» What to produce: Retype the whole listing, please, keeping every line exact and dropping the pictures.

» Provided material:
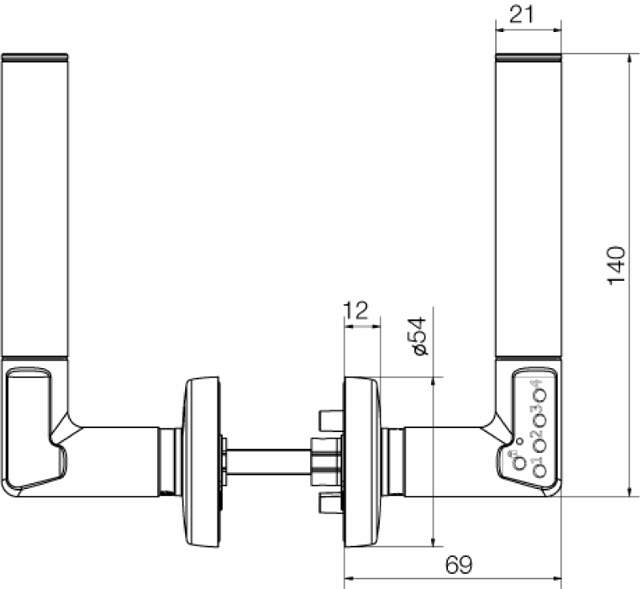 Assa Code Handle 8810 Door højre Rustfrit stål (936220)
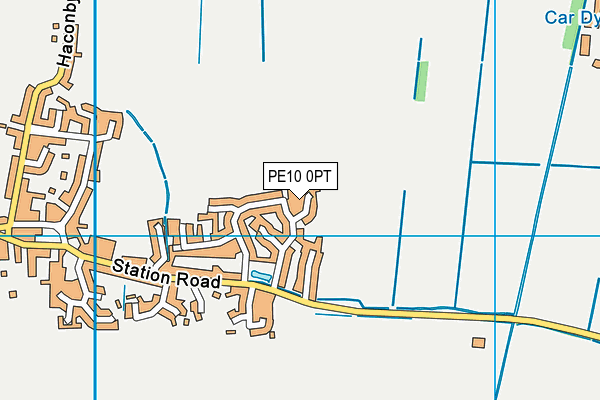 PE10 0PT map - OS VectorMap District (Ordnance Survey)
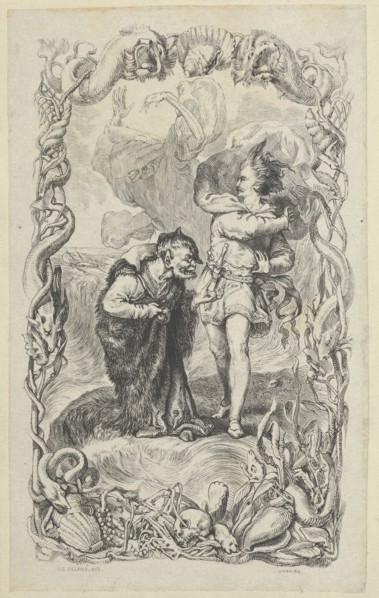Illustration to the Tempest: Caliban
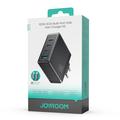 Joyroom JR-TG11 4-ports GaN-hurtiglader 100W - svart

» Written solution:
 Assa Code Handle 8810 Door højre Rustfrit stål (936220)
 PE10 0PT map - OS VectorMap District (Ordnance Survey)
Illustration to the Tempest: Caliban
 Joyroom JR-TG11 4-ports GaN-hurtiglader 100W - svart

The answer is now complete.